Anil Deshpande

Personal information
- Full name: Anil Prabhakar Deshpande
- Born: 2 August 1952 (age 74) Nagpur, Maharashtra, India
- Role: All-rounder

Domestic team information
- 1970/71–1982/83: Vidarbha

Career statistics
| Competition | FC | List A |
| Matches | 62 | 6 |
| Runs scored | 3,157 | 116 |
| Batting average | 32.21 | 23.20 |
| 100s/50s | 4/19 | 0/0 |
| Top score | 164* | 48 |
| Balls bowled | 5,227 | 48 |
| Wickets | 88 | 1 |
| Bowling average | 29.67 | 49.00 |
| 5 wickets in innings | 1 | 0 |
| 10 wickets in match | 0 | n/a |
| Best bowling | 6/45 | 1/7 |
| Catches/stumpings | 32/– | 1/0 |
- Source: ESPNcricinfo, 6 February 2016

= Anil Deshpande =

Indian former first-class cricketer

Anil Deshpande (born 2 August 1952) is an Indian former first-class cricketer who played for Vidarbha. He worked as a selector for the Indian team from 1998 to 2000.

==Career==
Deshpande played as an all-rounder for Vidarbha across 13 seasons. He made 62 first-class appearances, scoring more than 3000 runs and taking 88 wickets.
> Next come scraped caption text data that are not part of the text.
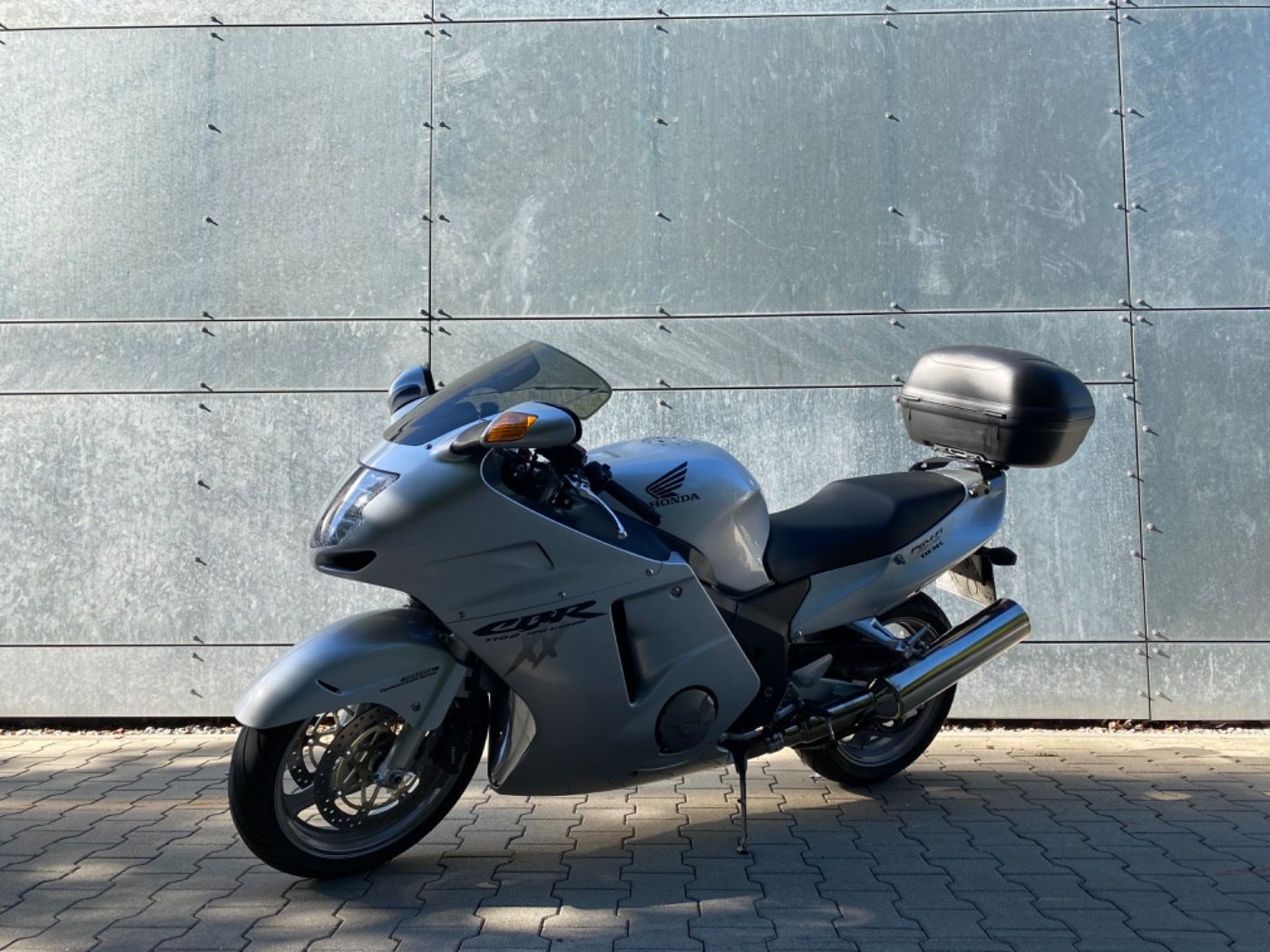 Fahrzeugabbildung Honda CBR 1100 XX SC35 aus 1. Hand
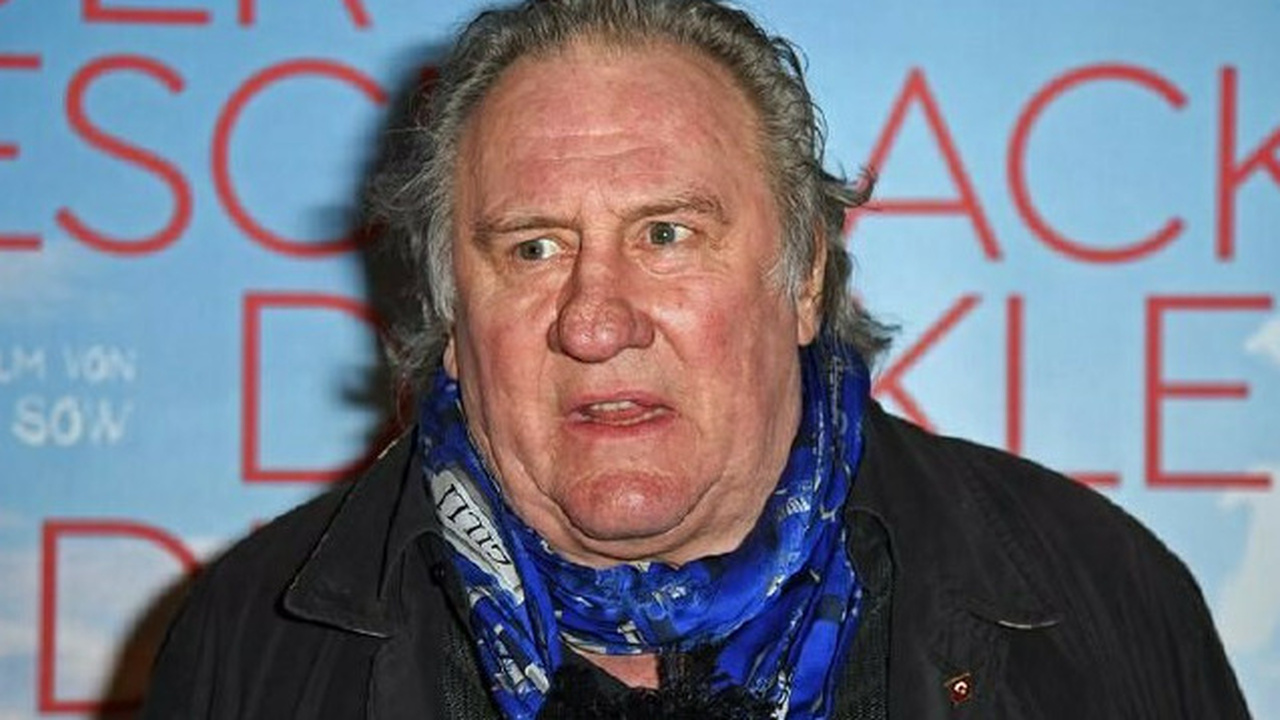 Метрода киім арқылы порно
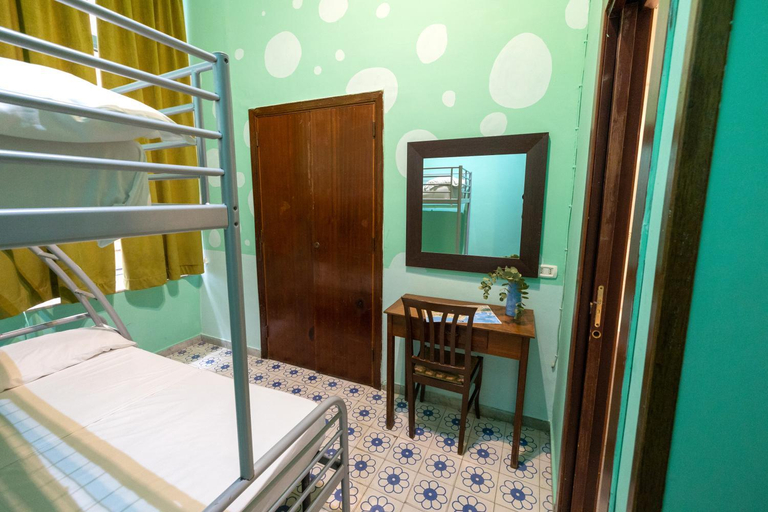 Bedroom 4, Naples Pizza Hostel, Napoli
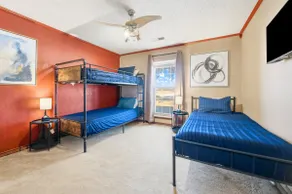 Grand Haven ※ 8BR Home ※ 2 Acres ※ Workers Welcome - Image 5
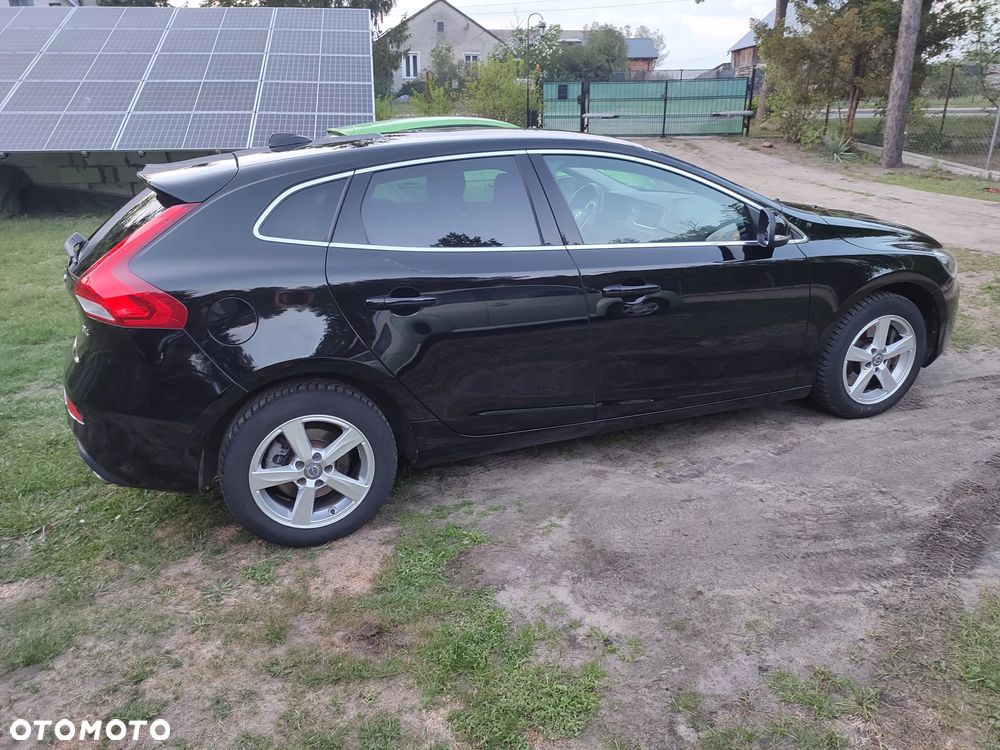 Volvo V40 D4 Drive-E Momentum - 9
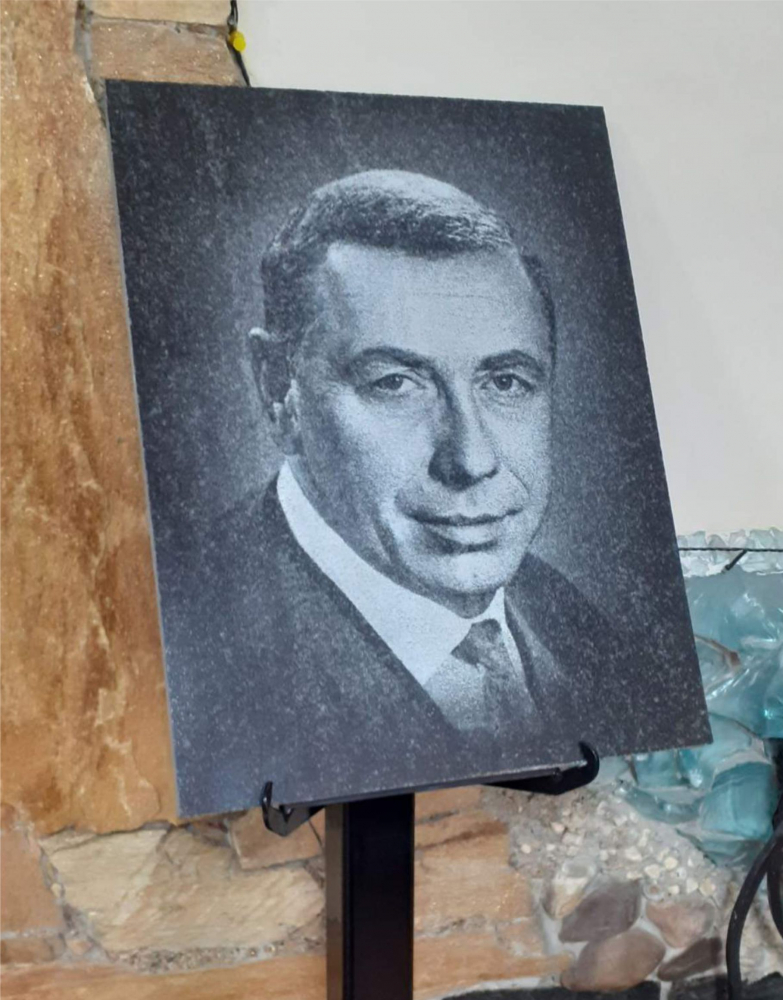 ПОРТРЕТ НА ГРАНИТНОЙ ПЛИТЕ  300*400*16мм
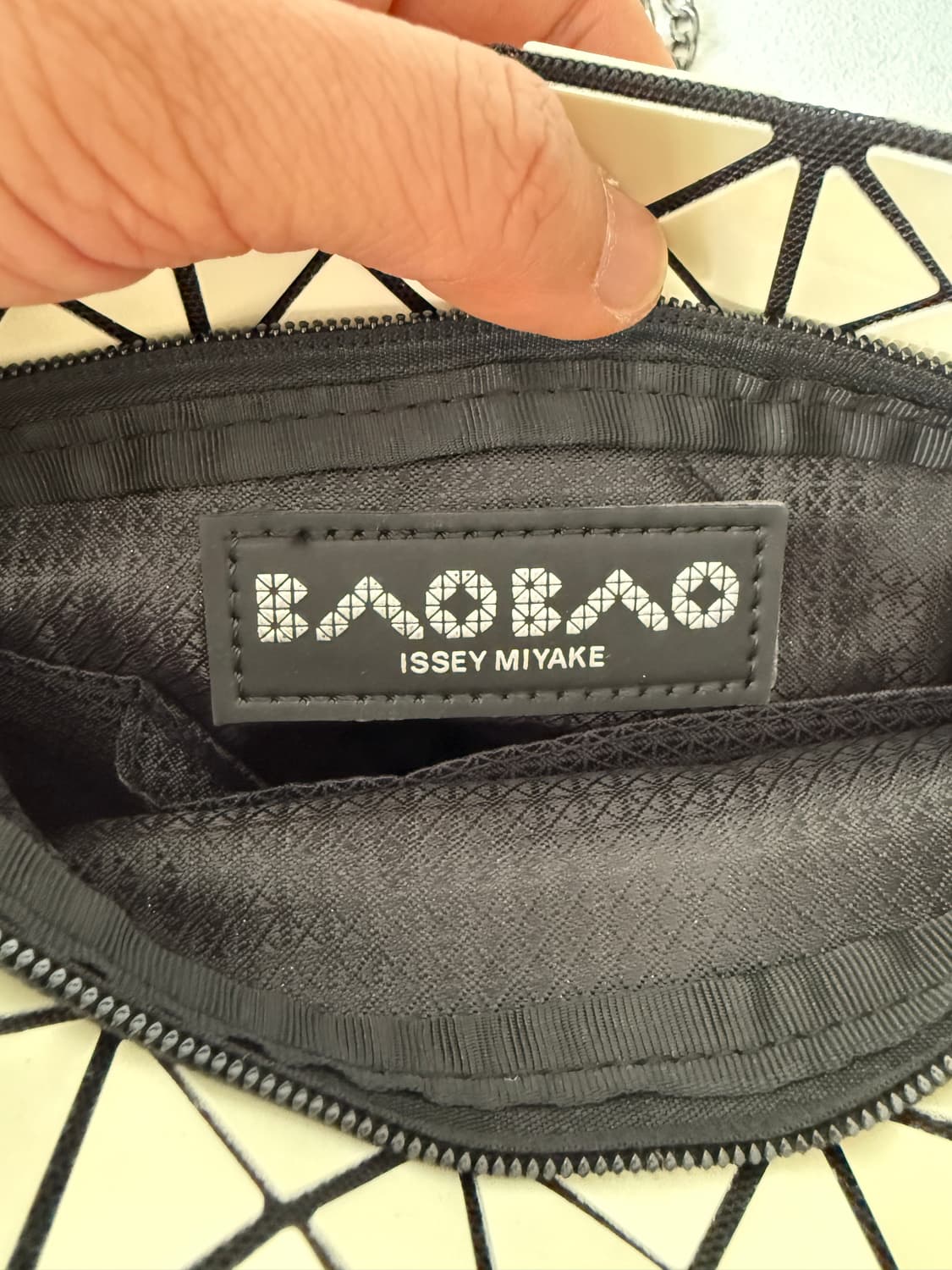 이세미야케(ISSEY MIYAKE) BAOBAO 체인숄더백(크로스 가능) 상품이미지7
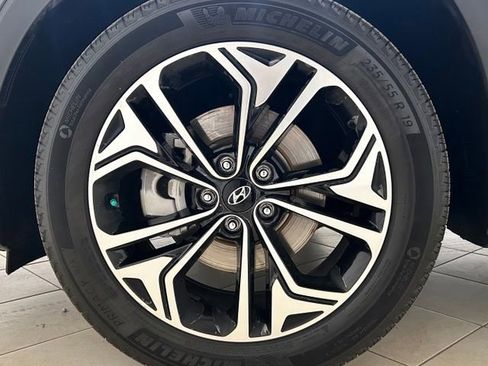 Used 2020 Hyundai Santa Fe Limited FWD image 9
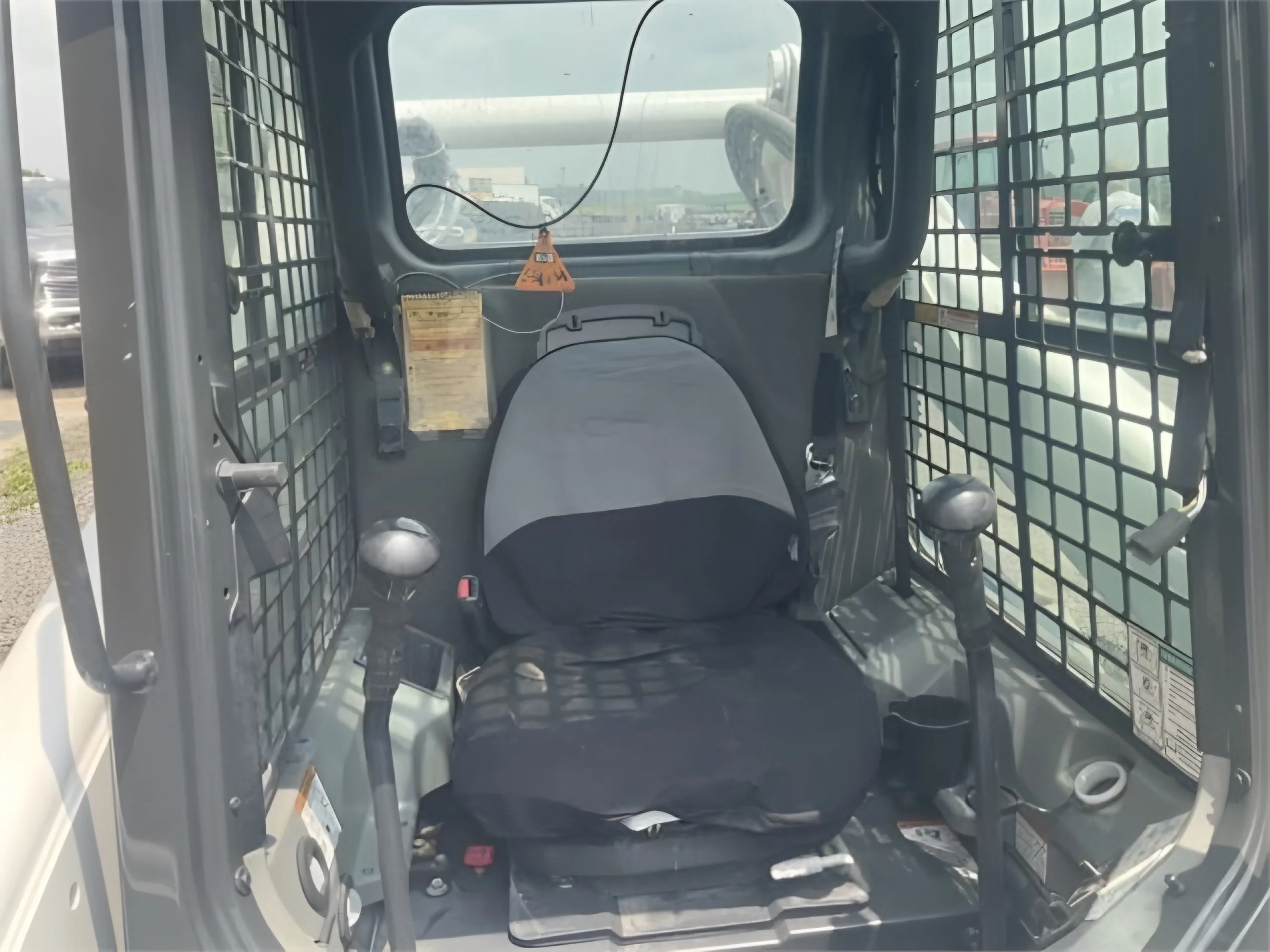 2015 BOBCAT S740 (16).JPEG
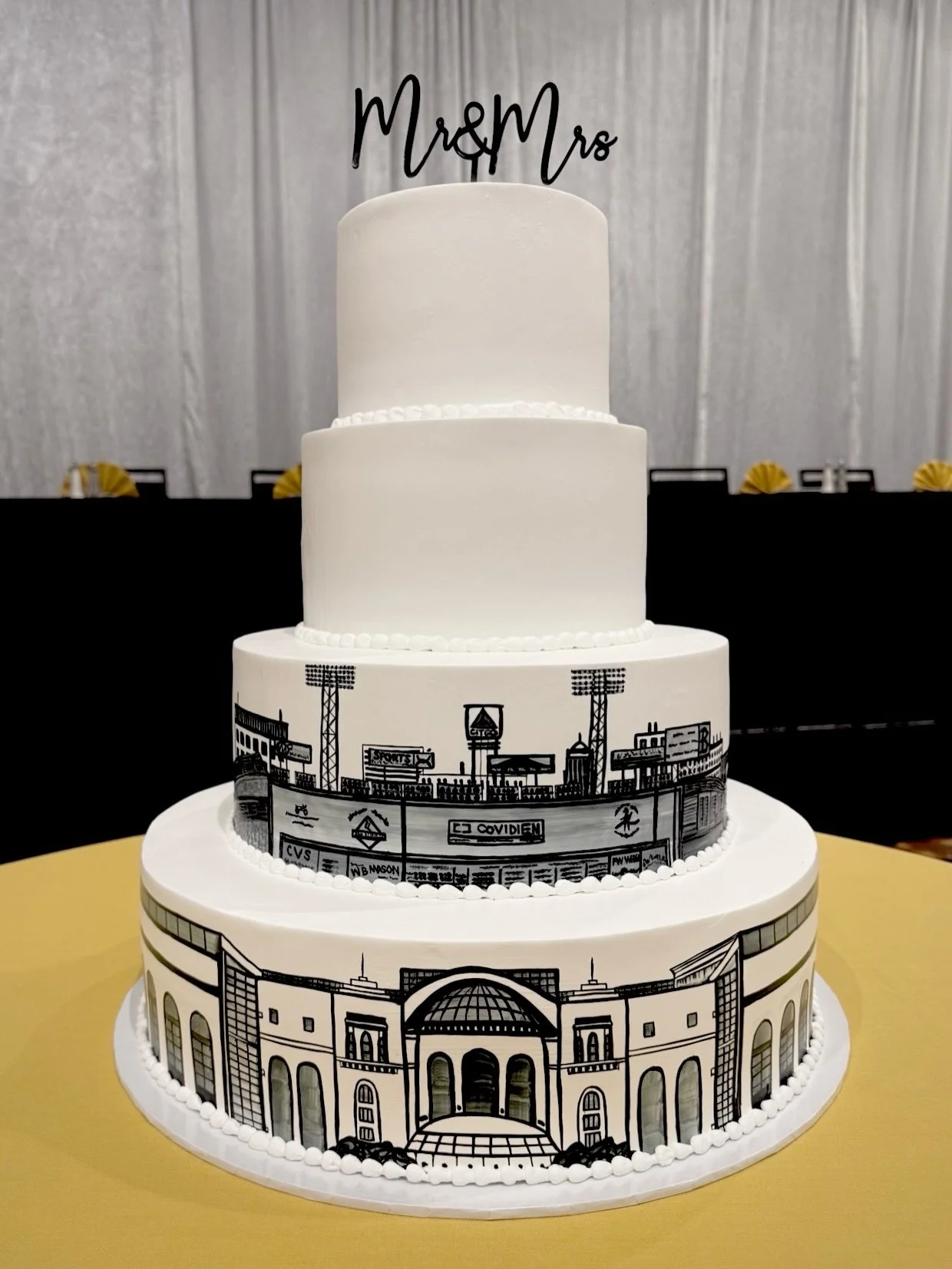 We&rsquo;ve officially made it to the first Wedding Cake Monday of 2026🥹🎉💗

We&rsquo;ve got some NYE beauties for you and some fresh 2026 babes🍰💍✨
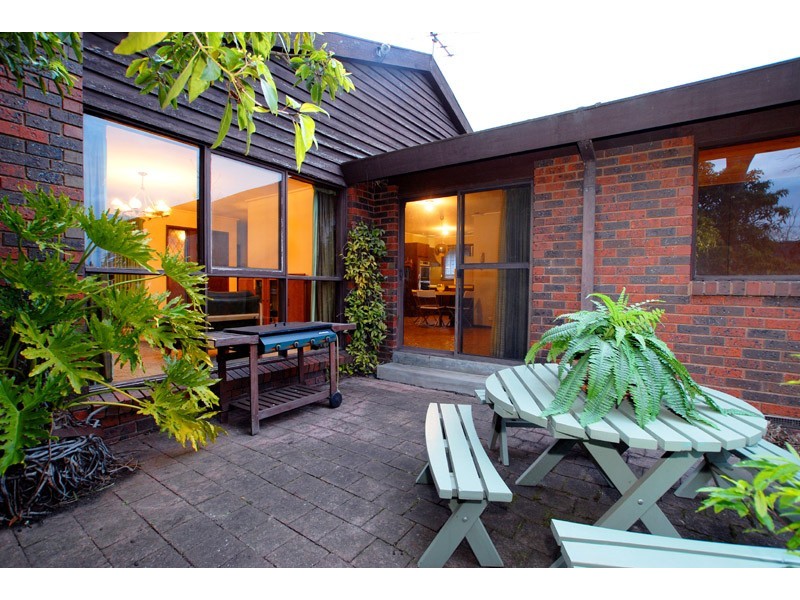 71 George Street, Doncaster East VIC 3109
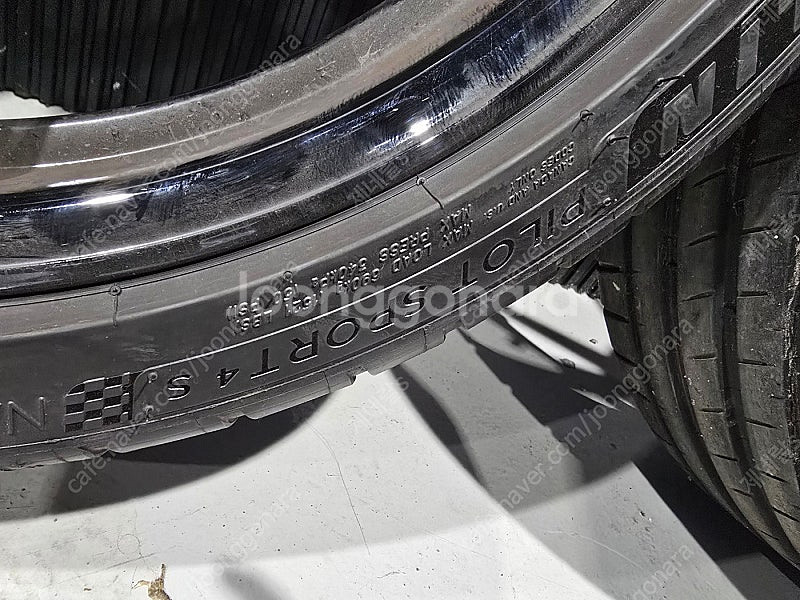 포르쉐 911(992) 카레라 터보S 정품 휠 타이어 ...--1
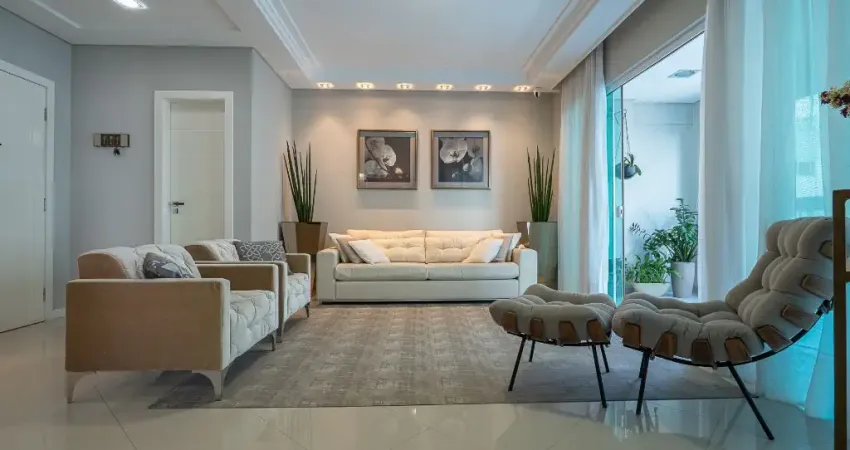 Apartamento a poucos metros do mar, no edifício Villa do Mar, com 4 suítes e living integrado em uma área de 195 m², aguarda você melhor em uma das melhores localizações em Meia Praia - Itapema/SC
He was a regular member of Central Zone cricket team during his career and made 21 first-class appearances for the team. Although he did not play international matches, Deshpande represented Central Zone against visiting Australian, English, Pakistani, Sri Lankan and West Indies teams in first-class matches.

In 1998, Deshpande became a member of the Indian team selection panel, representing Central Zone. He resigned from the position in 2000, citing personal reasons. Later in his career, he also stood as an umpire in cricket matches.